Sen. race sex files: cubancigar's callipygian company
The race for Senate District 38 is two years off, and already we have two sex-related Internet issues involving two separate candidates. Last month, former Miami Beach Republican Rep. Gus Barreiro was fired by the Department of Juvenile Justice for allegedly logging into adultfriendfinders.com as "cubancigar107" to meet couples for trysts via his state computer. He says he was set up and that he had no idea where the pornographic images on his desk-top came from.
The latest revelation concerns Miami Republican Rep. Julio Robaina, and involves a four-year-old previously unreported incident that political opponents are pushing now. Robaina had used his House computer and lawmaker account to forward a chain email titled "Hypnotize a man" that contained a link to an interactive webclip of a callipygian woman (i.e. one who had shapely buttocks). The email advised: "Click on the picture, and drag it a little up and then drop it and watch..."
One of the recipients was Rep. David Rivera's aide, Maria Armenteros. She forwarded it to her home email account. Uh oh.

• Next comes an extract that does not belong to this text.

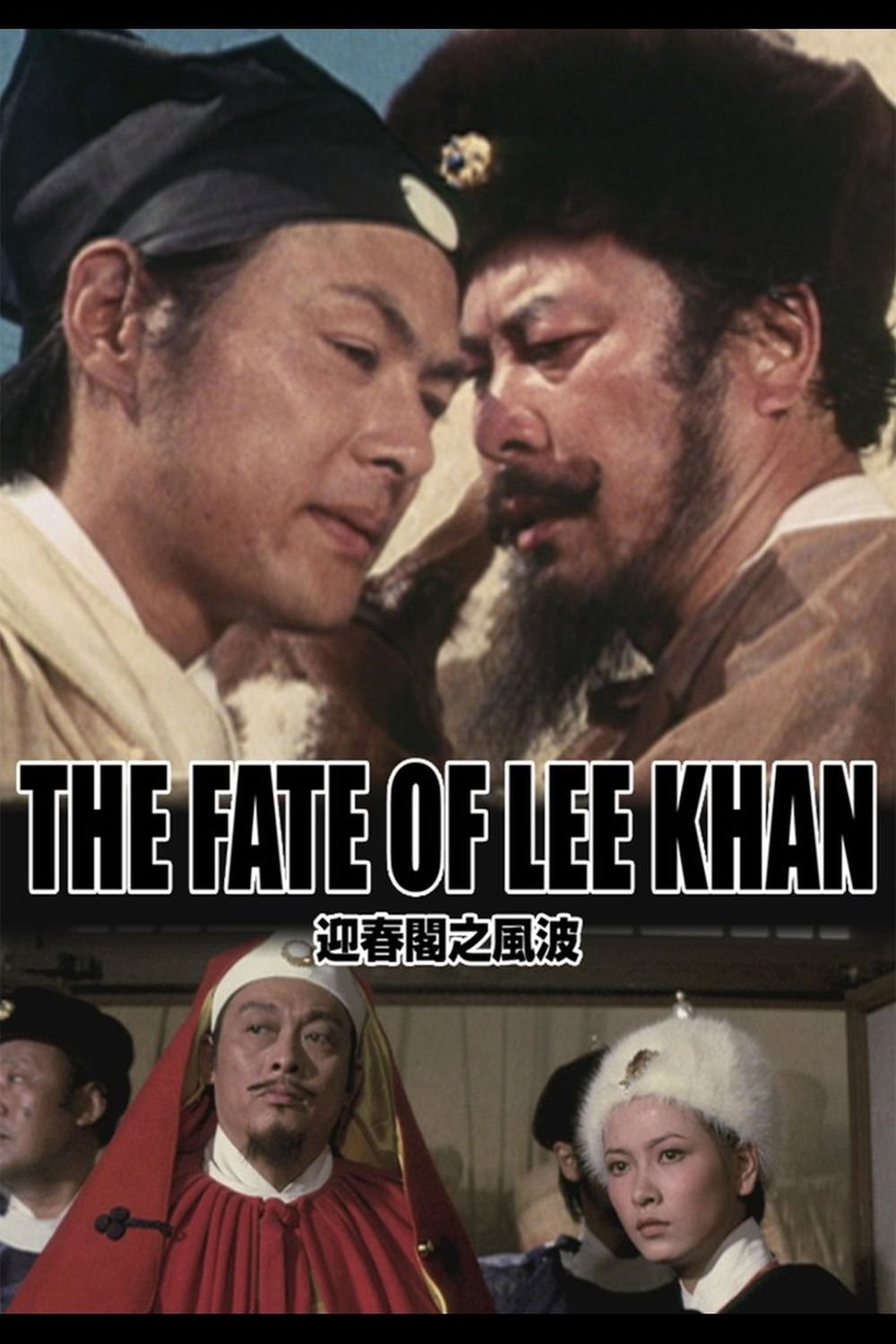 The Fate of Lee Khan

Her husband, Omar Armenteros, saw it and grew furious. Unknown to the media at the time, Mr. Armenteros went on a two-year letter-writing crusade to Gov. Jeb Bush and, then, Gov. Charlie Crist. Robaina was reprimanded, according to a 2006 letter from then House Speaker Alan Bense, who said last week that he didn't remember the incident. "I was dealing with Ralph Arza at the time," he said.
But Mr. Armenteros, who declined to comment to the Herald/Times, felt Robaina wasn't sufficiently punished. He compared the incident to the Rep. Mark Foley page scandal. Rivera accused Robaina of forwarding "pornography" that was inappropriate for a lawmaker.

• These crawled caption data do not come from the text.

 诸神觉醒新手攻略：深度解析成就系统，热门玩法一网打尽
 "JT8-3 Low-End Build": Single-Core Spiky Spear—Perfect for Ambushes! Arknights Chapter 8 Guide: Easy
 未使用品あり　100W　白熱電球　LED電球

Robaina, a rival of Rivera's, said that's an exaggeration. But he said he regretted what happened.
"This was nothing more than the case of legislators offices forwarding what they called comical inter-office humor. Mrs. Armenteros, Rep. Rivera’s aide, was also forwarding these comical emails. Her husband was offended by one of the jokes during a time, and this was according to Mrs. Armenteros, they were having some marital problems. He complained to Mrs. Armenteros. I personally contacted him and apologized on behalf of my office. And shortly after, the House put out an email basically stating do not forward any interoffice emails to anybody that might be offensive. End of story."
Perhaps not. The 2010 election season is already here. But how opponents use the info against him might be tricky. Joked one veteran Miami-Dade political consultant: "In Little Havana, that'll probably get Robaina some votes."